GIVEN DATA -
++++++++++
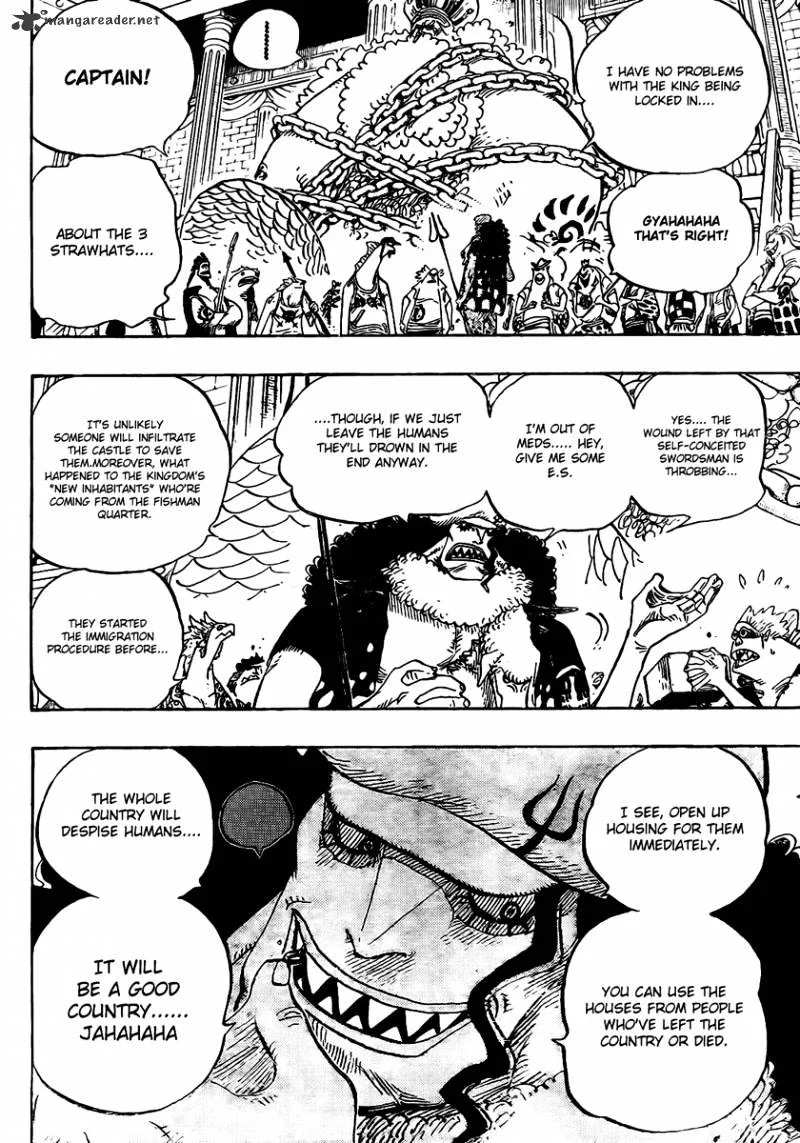 One Piece Chapter 629 page 13
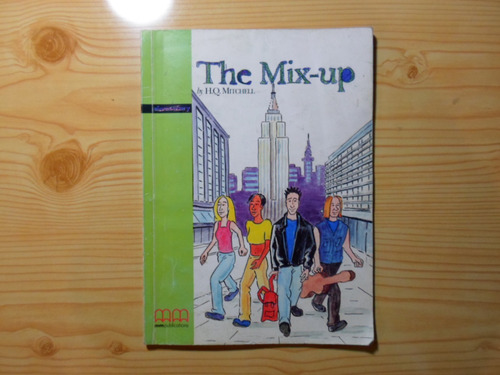 The Mix Up - H. Q. Mitchell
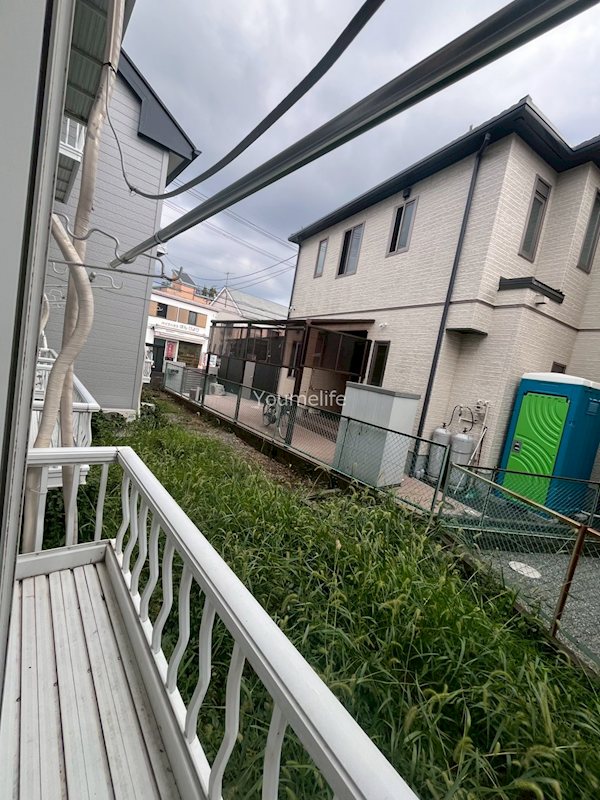 ベランダ クロノス茅ヶ崎  ベランダ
++++++++++
ASSIGNMENT - Since the pictures are not part of the copy, transcribe only the remaining material, exactly.

EXPECTED ANSWER -
 One Piece Chapter 629 page 13
 The Mix Up - H. Q. Mitchell
 ベランダ クロノス茅ヶ崎  ベランダ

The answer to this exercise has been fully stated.